En el baño del aeropuerto, mientras Cecil se arreglaba frente al espejo después de usar el inodoro, seguía contándome con indignación la última interacción de su suegra con ella. -“Y te juro, Dione, parece que le debo dinero o algo así. Cada vez que me ve, pone esa cara como si hubiera mordido un limón. ¡Y no entiendo por qué! Siempre he sido amable con ella, la he invitado a cenar, antes no era asi…”

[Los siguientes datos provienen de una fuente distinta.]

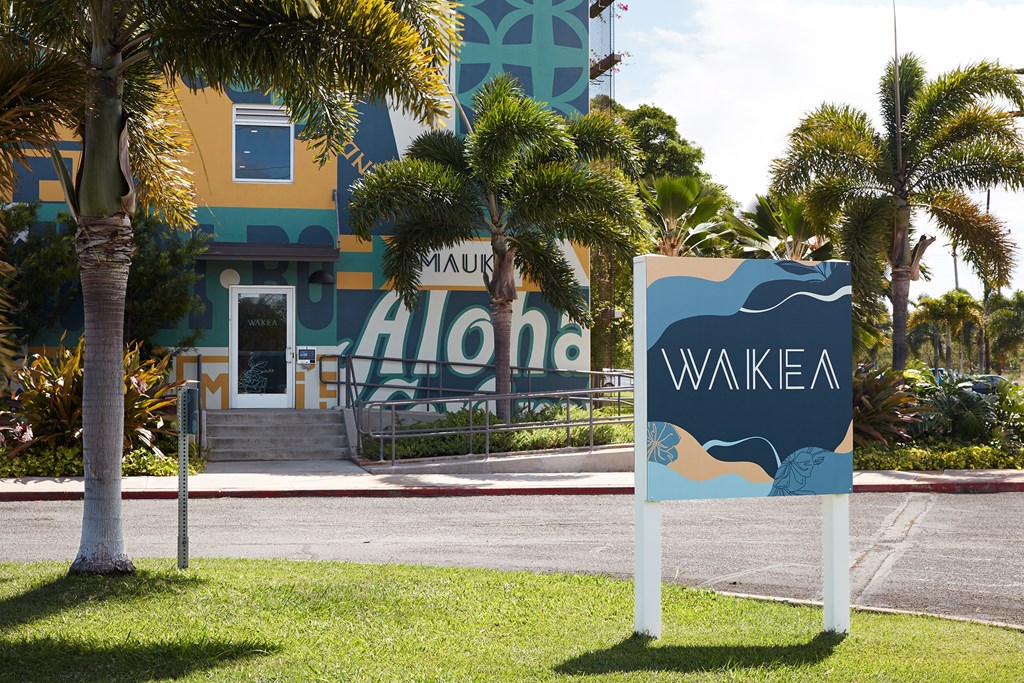 WakeaGardens_Exterior_WakeaSignageAndAlohaPaintingNearEntrance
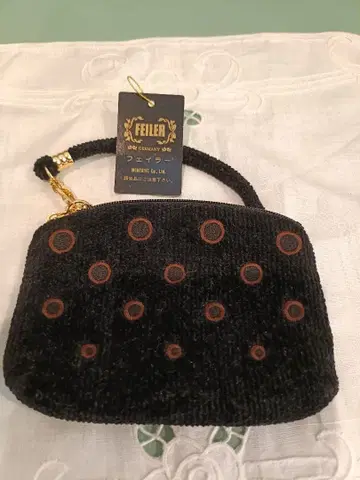 택 포함 미사용 새상품 FEILER 도트 무늬 사이드 미니 파우치 블랙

De repente, levanté la cabeza y me miré a través del espejo. Mi reflejo me devolvió un rostro pálido, casi verdoso. -“Dione, ¿sigues sintiéndote mal?” preguntó Cecil, notando mi cambio de color.

Pero mi mente estaba en otra parte, haciendo cálculos frenéticos. Mi periodo debió haber llegado a mediados de la semana pasada. Hoy era jueves… Empecé a contar mentalmente, luego con los dedos discretamente apoyados en mi muslo. Un escalofrío de incertidumbre recorrió mi cuerpo.

Cecil, al notar mi extraña contabilidad silenciosa, se acercó con el ceño fruncido. -“¿Qué estás haciendo?”

Me incliné hacia ella y le susurré al oído, como si compartiera el secreto más importante del universo: -“Creo que… creo que estoy embarazada.”

Cecil se enderezó bruscamente y exclamó en voz alta: -“¡¿QUÉ?!”

Le llevé una mano a la boca, horrorizada, mirando rápidamente a nuestro alrededor para asegurarme de que nadie más nos hubiera escuchado en el concurrido baño del aeropuerto. -“¡Shhh! ¡Baja la voz, Cecil!”

Los ojos de Cecil estaban desorbitados. -“¿Embarazada? ¿En serio?”

-“Eso creo. Pero… no estoy segura.” La
incertidumbre me invadió. ¿Cómo se lo tomaría Leonidas? Nunca habíamos hablado de esto.